Children were classified into three groups, depending on their evolving patterns of social media use over the next few years.

They classified the kids into three groups based on their evolving patterns of social media use. The largest group, about 58 percent of the kids, used “very low amounts or no social media”. The second-largest group, about 37 percent of kids, were classified as “low increasing” levels of social media, as they gradually increased social media use throughout their puberty until they were spending about an hour each day on social media by age 13. The smallest group, classified as the “high increasing social media group”, representing 6 percent of kids, spent about three or more hours a day on social media by age 13.

Source: JAMA

All children were given a range of tests at the beginning and throughout the study to measure their cognitive ability through adolescence.
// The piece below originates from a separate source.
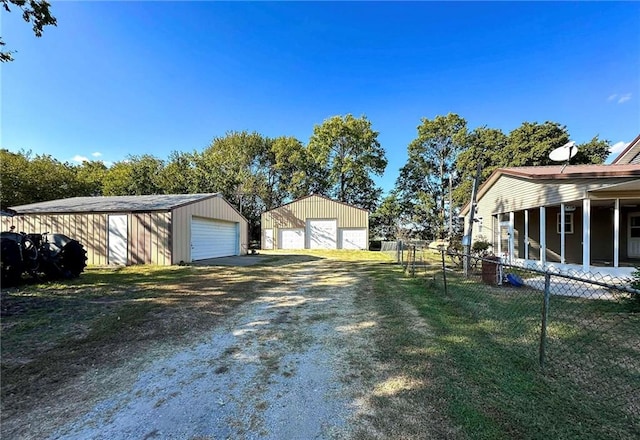 view of yard with an outdoor structure, fence, a garage, and driveway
Tests examined their reading and vocabulary skills by, for example, asking them to correctly match pictures to words or correctly pronounce and identify words flashed on a screen.
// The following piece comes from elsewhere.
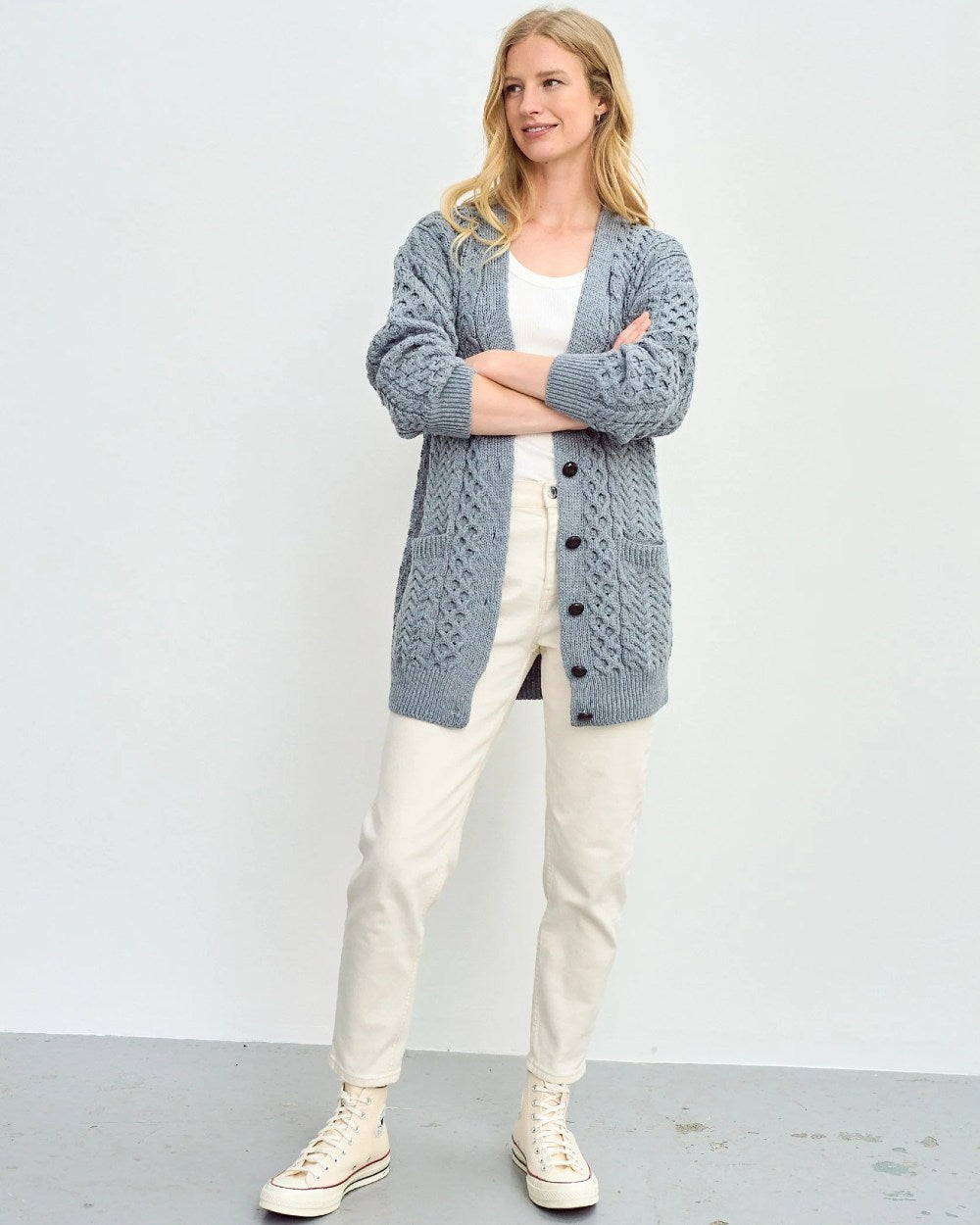 Blue Grey Coloured Aran Delphi Boyfriend Cardigan on grey wall background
The research team found that social media use had a very perceivable effect on adolescent cognitive ability. The low increasing users performed lower on the tests than the non-users, and the high increasing users performed much lower than the non-users. Nagata said that

What was notable actually to me and perhaps surprising was that even the low [increasing] social media users, so those who had about one hour a day by age 13, did perform on average 1 to 2 points lower on the reading and memory tasks compared to the non-social media users…So those who had the highest social media use have lower scores, but even the low users had smaller differences in their cognitive scores.

Adolescence is a significant time for brain development. It’s one of the biggest moments for the brain to reorganize, create scaffolding for future learning, and grow. This study highlights that social media use hampers brain growth during a deeply crucial period.

Since social media use tends to increase throughout the teen years, there might be higher effects on cognition as the years continue. Gamified social media apps are designed by gambling experts to create addictive patterns, meaning that there are high levels of addiction-like behaviors among tweens and young teens that are armed with a smartphone. Adolescent users who use social media heavily have been found to have brains that reward real-life encounters that mirror social media, like rapid, constant feedback and positive peer review.

No child should have to experience the shackles of addiction. Even if they find the ability to kick the social media habit, their decreased abilities and subsequently deficient knowledge base may be malformed for the rest of their life. Recent national exam scores were lower than they have been in decades, with declines mapping generally on to the advent of the smartphone. One question asked high school seniors to tally up a restaurant check and calculate the tip — only one in four could successfully do so.

These addictive social media accounts are causing measurable harms to children’s cognitive function that will negatively impact their lives and inhibit future American society. Some state policymakers have stepped up to protect children by passing age verification laws or requiring parental consent for children to create a social media account. Minnesota has passed laws that protect content creators who are minors, but has not passed age verification laws.

Since any tech-savvy teen can find a workaround to an age verification requirement, especially when social media companies aren’t trying too hard to keep them out, more can be done. On average, students are on their phones during an entire quarter of the school day. States like Arkansas and New York have passed fully funded cell phone bans in order to save students from their addictive cravings during the school year. Let’s hope that Minnesota is next.